What you need to do ::
Would you repeat the entries below word for word and omit the pictures?

##### Data section

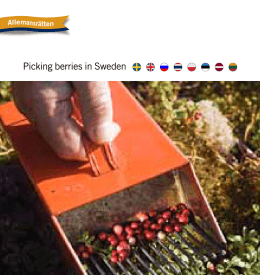 Bärplockare i Sverige - Picking berries in
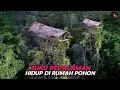 Download Lagu Korowai, Suku Yang Tinggal di Atas Pohon Hutan Belantara Papua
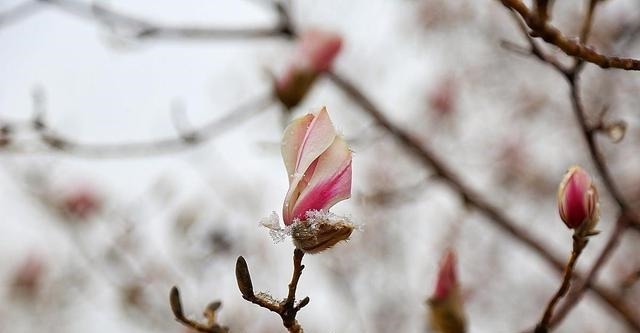 皇子|被贬皇子与浪荡侠士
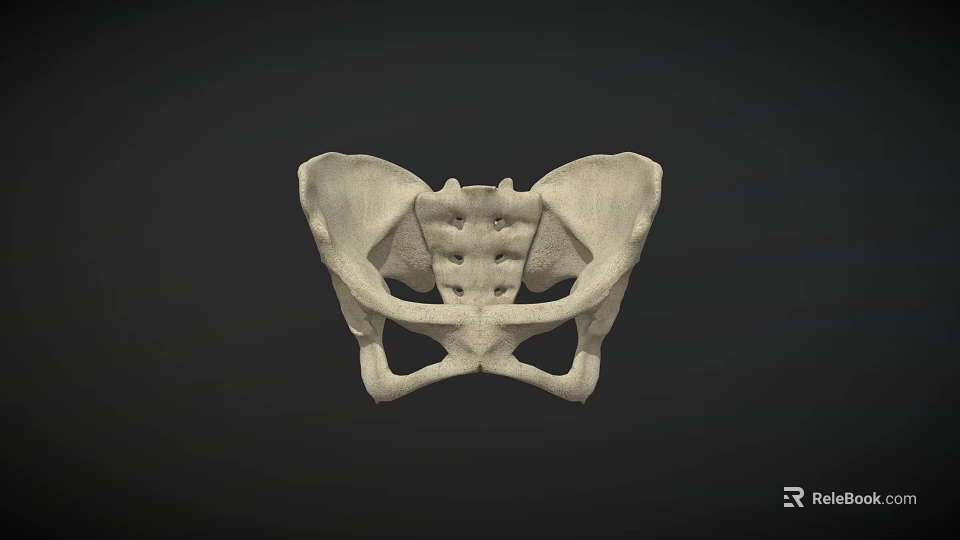 Detailed White Human Pelvis Model on Dark Background for Anatomical Study 3d model 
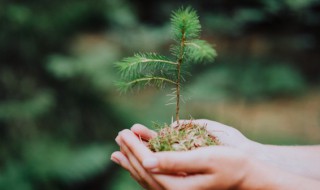 移栽松树不死的方法 松树的移栽不死的方法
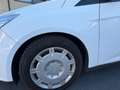 Ford Focus Traveller Easy 1,6 TDCi Weiß - thumbnail 8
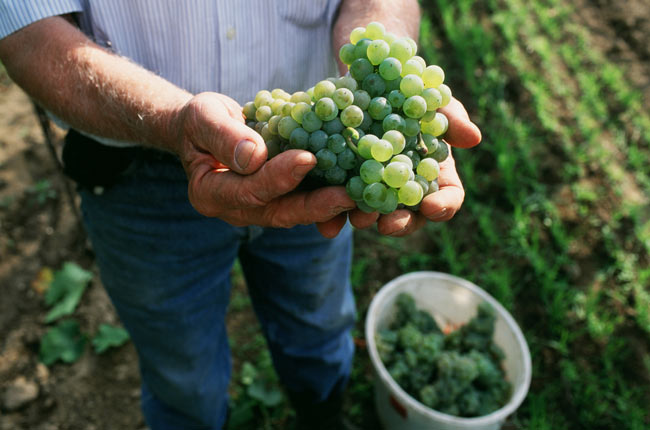 Austrian Riesling harvest in Kamptal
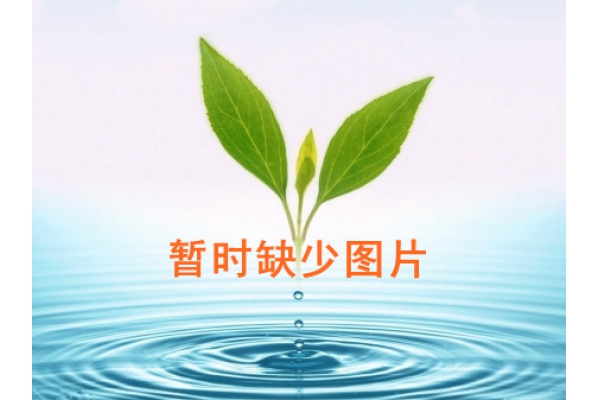 效果图勿纠结内容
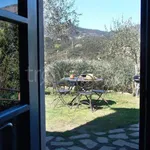 Rent 1 bedroom apartment of 20 m² in Levanto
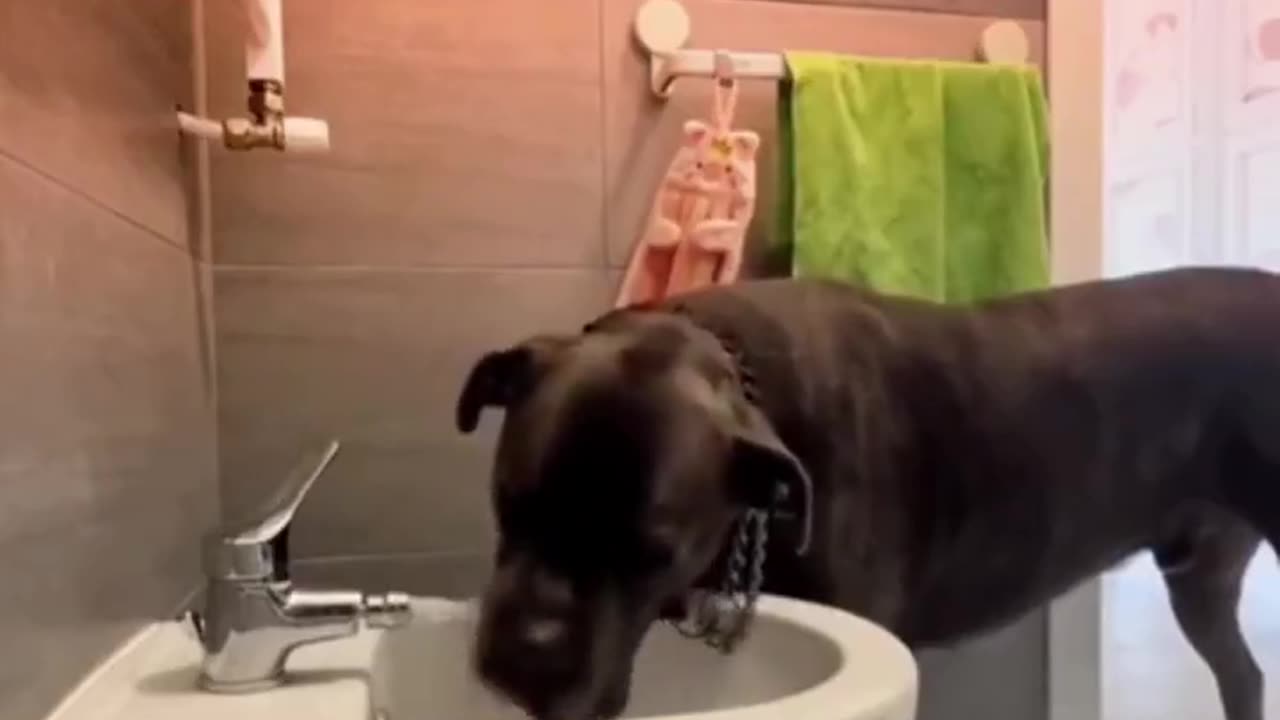 Good boy.. 👌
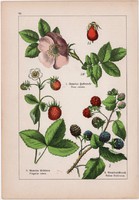 Szamóca, vadszeder és galagonya, madárberkenye, naspolya, litográfia 1895, 17 x 25 cm, növény, virág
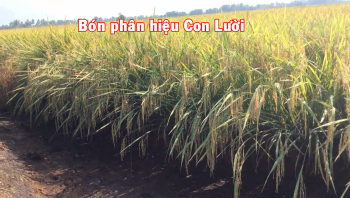 TẠI SAO NÓI PHÂN BÓN HIỆU CON LƯỜI LÀ GIÁI PHÁP GÓP PHẦN CẢI TẠO ĐẤT HIỆU QUẢ CHO VÙNG TRỒNG LÚA?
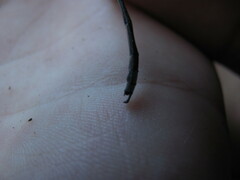 Chlorolestes tessellatus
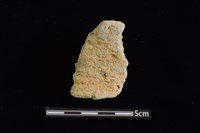 藏品(陶罐)的圖片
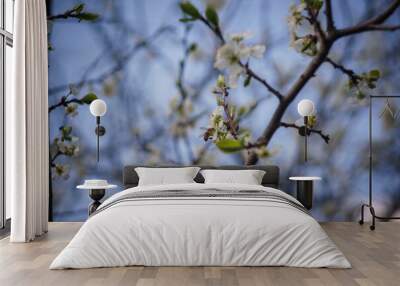 spring branches Wall mural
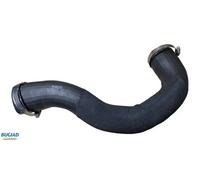 2x Tubi condotti aria BUGIAD S+D per FORD TOURNEO CUSTOM, TRANSIT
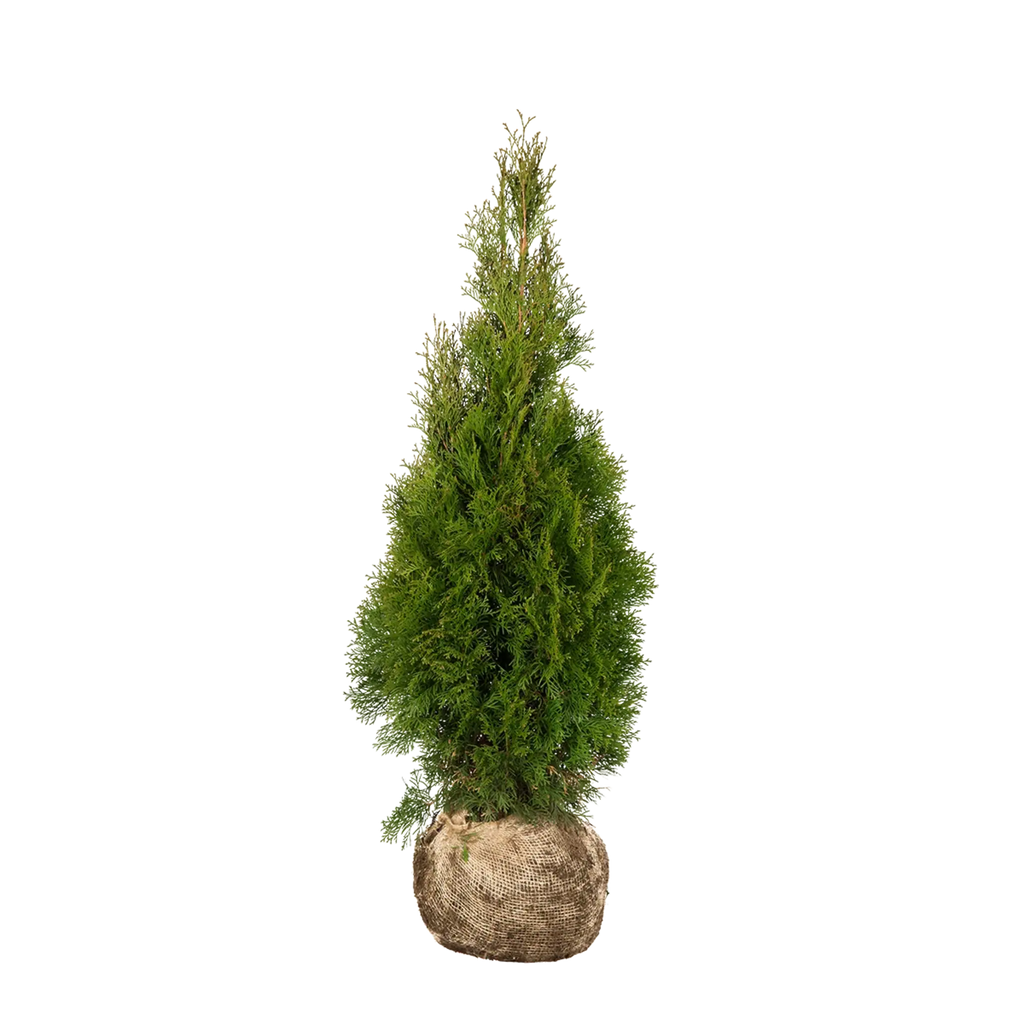 Thuja occidentalis 'Smaragd' Konifere (Lebensbaum) | 80-100 cm mit  Wurzelballen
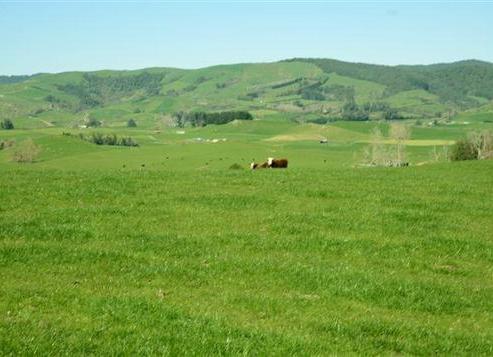 152 Pukemapou Road, Maihiihi
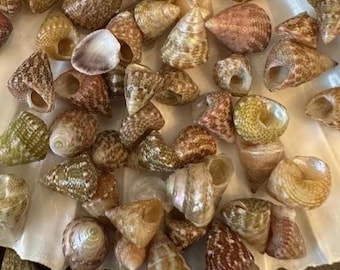 Tiny Top Trochus Mini Seashells 1/4" Top Shaped Shells Craft Seashells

##########

Solution to the exercise ::
 Bärplockare i Sverige - Picking berries in
 Download Lagu Korowai, Suku Yang Tinggal di Atas Pohon Hutan Belantara Papua
 皇子|被贬皇子与浪荡侠士
 Detailed White Human Pelvis Model on Dark Background for Anatomical Study 3d model 
 移栽松树不死的方法 松树的移栽不死的方法
 Ford Focus Traveller Easy 1,6 TDCi Weiß - thumbnail 8
 Austrian Riesling harvest in Kamptal
 效果图勿纠结内容
 Rent 1 bedroom apartment of 20 m² in Levanto
 Good boy.. 👌
 Szamóca, vadszeder és galagonya, madárberkenye, naspolya, litográfia 1895, 17 x 25 cm, növény, virág
 TẠI SAO NÓI PHÂN BÓN HIỆU CON LƯỜI LÀ GIÁI PHÁP GÓP PHẦN CẢI TẠO ĐẤT HIỆU QUẢ CHO VÙNG TRỒNG LÚA?
 Chlorolestes tessellatus
 藏品(陶罐)的圖片
 spring branches Wall mural
 2x Tubi condotti aria BUGIAD S+D per FORD TOURNEO CUSTOM, TRANSIT
 Thuja occidentalis 'Smaragd' Konifere (Lebensbaum) | 80-100 cm mit  Wurzelballen
 152 Pukemapou Road, Maihiihi
 Tiny Top Trochus Mini Seashells 1/4" Top Shaped Shells Craft Seashells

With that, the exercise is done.